When in doubt over a choice between cams always go for the milder of the ones under consideration. I rarely find anyone disappointed after choosing a mild cam but plenty of people have come to regret fitting too hot a cam in the quest for power and losing too much low rpm driveability. Because cams for a given engine are usually the same price regardless of profile, the temptation to be greedy in the choice of duration is always there.
Finally, I find it very irritating that performance cams aren’t usually properly ground so that they time in at the recommended setting on the standard pulleys. This is done quite deliberately to make you buy an adjustable pulley too. There is absolutely no reason why a cam ground on a new blank can’t have the lobes in exactly the correct position with respect to the standard keyways to ensure perfect timing.
I suggest that everyone write to the manufacturer before they buy a cam to ask if it is guaranteed to time in properly with the standard pulleys and if not then why not. Flood the buggers with letters and emails and maybe they’ll decide it’s easier to do it right than keep answering the queries. And don’t get fobbed off with any excuses like the blanks don’t have enough material in the right places or whatever – I design and make cams from time to time and there is no valid reason at all not to get it right.
You don’t expect standard cams to be ground at random so why should performance ones be.

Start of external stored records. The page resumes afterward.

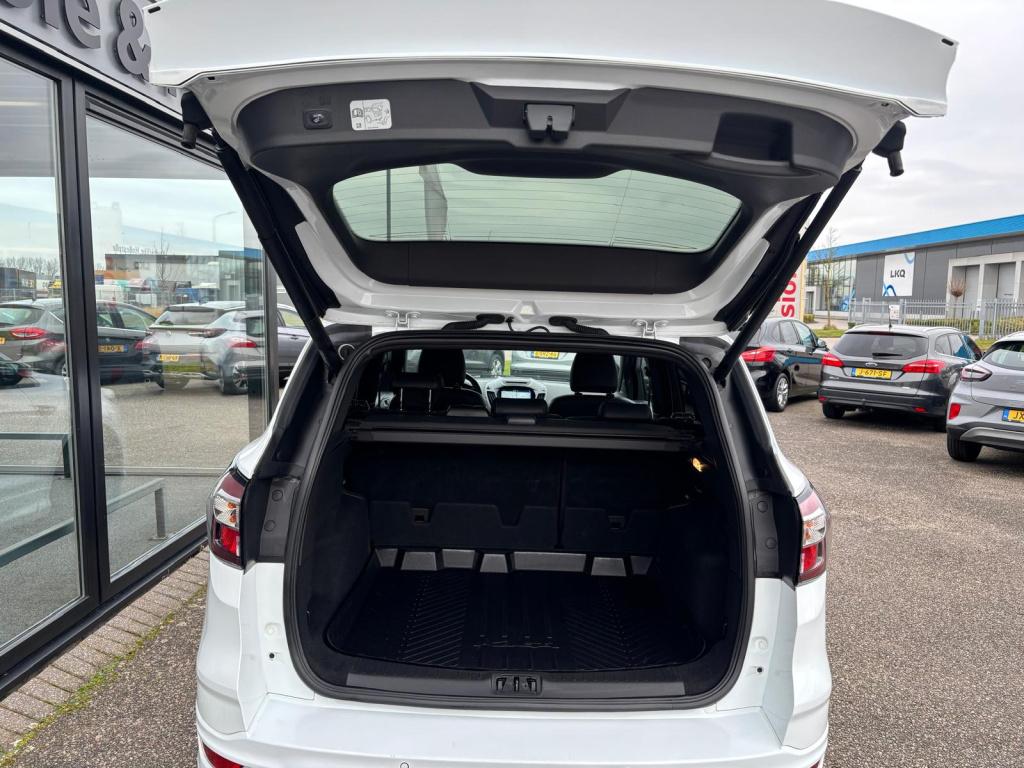 Ford Kuga 1.5 ecoboost 150pk 2wd st line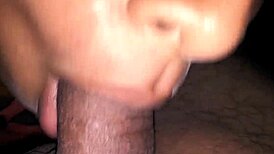 mi hermanastra latina me chupa el pene lento con manitos suaves. amateur couple homemade sucking saca toda la leche despacito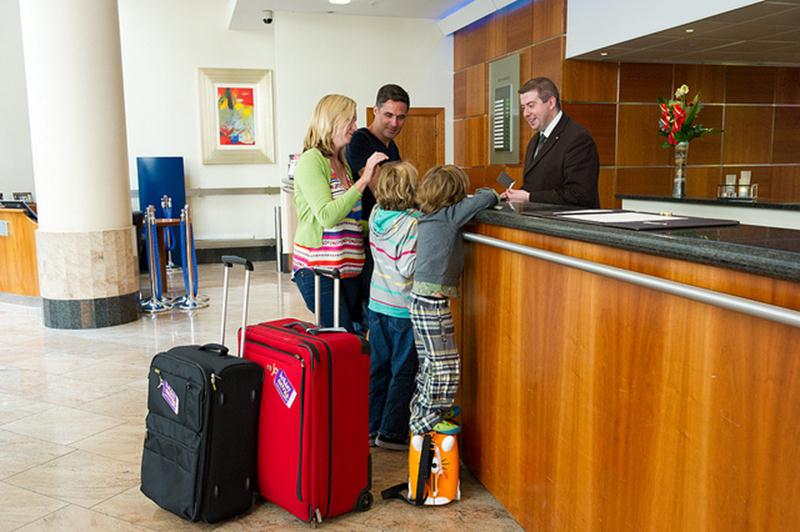 Easy international hotel security tips: Here's how to stay safe while staying in hotels abroad without much effort.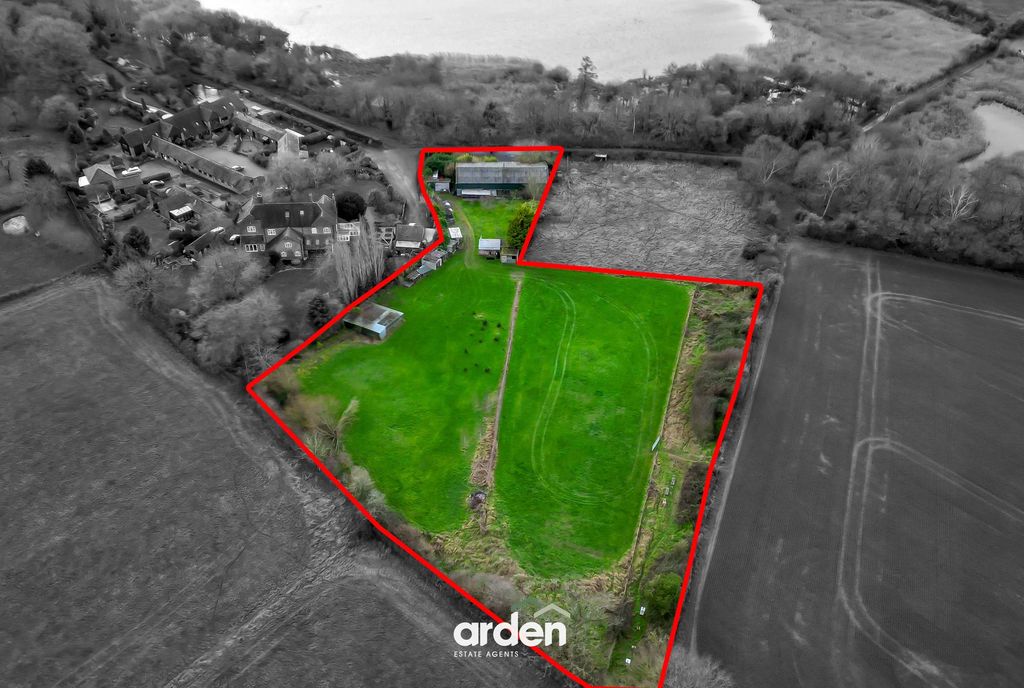 Property photo 2 of 9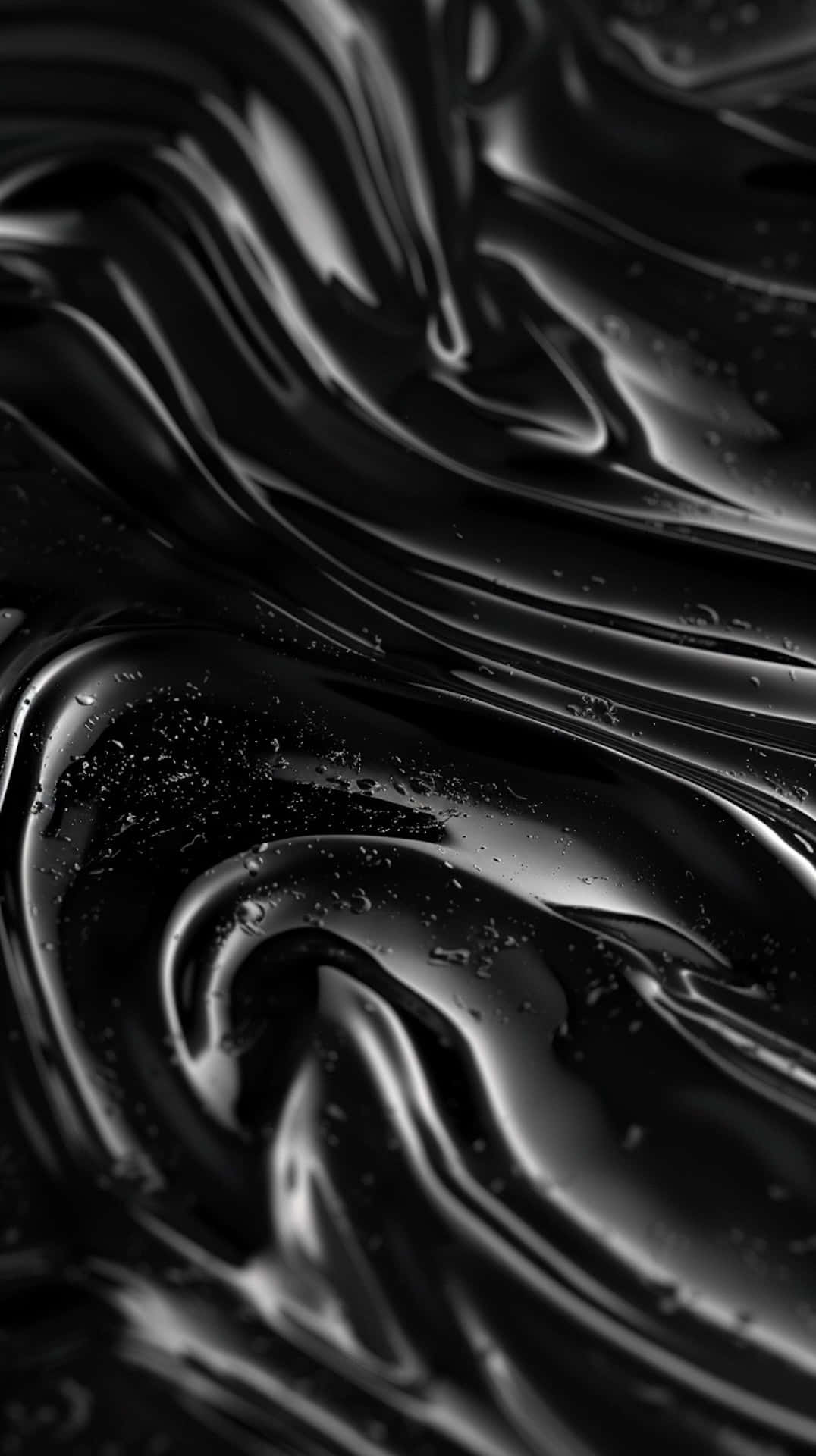 Black iPhone Xr 桌布 壁紙 — 光澤黑色液體的特寫，帶有反射高光和微小水滴，形成迷人的抽象紋理。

Obviously if you want to experiment with cam timing to find the optimum torque curve for your application then an adjustable pulley is essential.
Exhaust Systems
20 to 30 years ago the car manufacturers weren’t particularly concerned with engine efficiency or getting very high power per litre. The easy way to make a car faster was just to put a bigger engine in it. Fuel was cheap, company car tax was low and it cost less to make a bigger engine than to do a lot of development work on a smaller one. As fuel prices started to bite and car tax bands made it a good idea to buy cars with smaller engines the pressure grew to increase engine efficiency.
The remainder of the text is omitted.